TL;DR
This article is based on my master thesis with my supervisor, assistant professor Ilias Sakellariou.
The topic was to simulate a bank run scenario with agents that their emotions might change based on influences and end up in panic mode, cause of the fear that they will lose their money.
The scenario is simple. The agents everyday have a standard schedule. They wake up, the work for 8 hours, they do their groceries, if the goods are not enough, and return home. Suddenly they face rumors related to banks credibility, and this leads to massive withdrawals till we end up to a bank run phenomena.
You can go directly to the results, or to the references.
A paper by Springer, will be published soon.
Introduction
In recent years, agent based simulation has been successfully utilized in studying various economic phenomena.
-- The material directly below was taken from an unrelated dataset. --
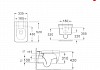 Комплект 3 в 1 инсталляция Grohe Rapid SL + Унитаз подвесной Teymi Helmi Pro Vortex + кнопка хром F17133 № 21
Those research results focus on modeling and simulation of emotions in Agent Based Economics (ACE).
The economic phenomena simulation based on multi-agent systems is one of the most contemporary ways of studying the latter, as it allows the design of various factors with twenty-two standardized emotions, which interact with each other.
The research scenario under investigation in the context of the present work, is the one of “bank panic”. The term “panic”, refers to the presence of emotional bias towards the unanticipated deposits withdrawal from more than one bank (simultaneous bank runs). The simulation world is composed of depositor agents, influencer agents, banks, ATMs, and retail shops.